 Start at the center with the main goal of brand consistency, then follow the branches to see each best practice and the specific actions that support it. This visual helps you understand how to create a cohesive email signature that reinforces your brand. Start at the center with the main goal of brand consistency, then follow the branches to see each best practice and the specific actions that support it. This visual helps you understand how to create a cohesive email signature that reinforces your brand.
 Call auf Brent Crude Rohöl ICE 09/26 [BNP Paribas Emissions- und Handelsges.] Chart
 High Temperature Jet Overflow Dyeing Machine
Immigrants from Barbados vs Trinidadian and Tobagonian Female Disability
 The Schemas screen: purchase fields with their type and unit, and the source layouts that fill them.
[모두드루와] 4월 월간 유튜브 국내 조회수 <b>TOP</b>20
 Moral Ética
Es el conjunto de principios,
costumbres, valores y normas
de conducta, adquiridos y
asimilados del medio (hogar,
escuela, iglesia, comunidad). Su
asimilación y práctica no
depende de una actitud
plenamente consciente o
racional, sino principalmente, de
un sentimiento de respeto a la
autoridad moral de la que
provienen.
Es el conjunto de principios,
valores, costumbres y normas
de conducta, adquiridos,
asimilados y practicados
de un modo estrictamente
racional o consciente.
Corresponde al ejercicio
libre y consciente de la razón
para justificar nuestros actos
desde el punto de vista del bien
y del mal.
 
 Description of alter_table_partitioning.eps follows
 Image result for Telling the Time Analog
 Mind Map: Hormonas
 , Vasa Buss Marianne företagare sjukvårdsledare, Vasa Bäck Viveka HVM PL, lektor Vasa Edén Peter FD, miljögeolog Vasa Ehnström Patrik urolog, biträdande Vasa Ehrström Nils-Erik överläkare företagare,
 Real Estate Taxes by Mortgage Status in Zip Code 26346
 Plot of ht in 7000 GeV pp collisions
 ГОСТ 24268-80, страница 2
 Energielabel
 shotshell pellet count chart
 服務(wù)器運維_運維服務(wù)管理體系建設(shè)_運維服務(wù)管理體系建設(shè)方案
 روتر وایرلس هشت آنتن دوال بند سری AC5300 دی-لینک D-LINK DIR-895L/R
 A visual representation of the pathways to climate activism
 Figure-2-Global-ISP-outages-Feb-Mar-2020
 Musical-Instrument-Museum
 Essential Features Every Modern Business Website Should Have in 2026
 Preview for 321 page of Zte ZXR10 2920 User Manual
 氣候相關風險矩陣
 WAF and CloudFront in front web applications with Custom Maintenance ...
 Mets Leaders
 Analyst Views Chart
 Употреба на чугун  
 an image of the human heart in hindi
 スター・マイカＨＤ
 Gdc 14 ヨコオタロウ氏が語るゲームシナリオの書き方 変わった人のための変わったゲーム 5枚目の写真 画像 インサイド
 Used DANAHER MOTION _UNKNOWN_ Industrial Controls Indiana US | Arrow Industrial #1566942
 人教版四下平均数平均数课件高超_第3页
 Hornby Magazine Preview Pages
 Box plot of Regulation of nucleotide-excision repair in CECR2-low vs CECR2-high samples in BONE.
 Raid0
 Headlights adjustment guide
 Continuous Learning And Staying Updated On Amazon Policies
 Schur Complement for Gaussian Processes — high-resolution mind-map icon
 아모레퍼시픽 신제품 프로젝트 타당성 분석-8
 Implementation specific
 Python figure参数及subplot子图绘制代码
━━━━━━━━
For each line above that contains the word "visual", give the line as it is written.

TASK RESULT
 Start at the center with the main goal of brand consistency, then follow the branches to see each best practice and the specific actions that support it. This visual helps you understand how to create a cohesive email signature that reinforces your brand. Start at the center with the main goal of brand consistency, then follow the branches to see each best practice and the specific actions that support it. This visual helps you understand how to create a cohesive email signature that reinforces your brand.
 A visual representation of the pathways to climate activism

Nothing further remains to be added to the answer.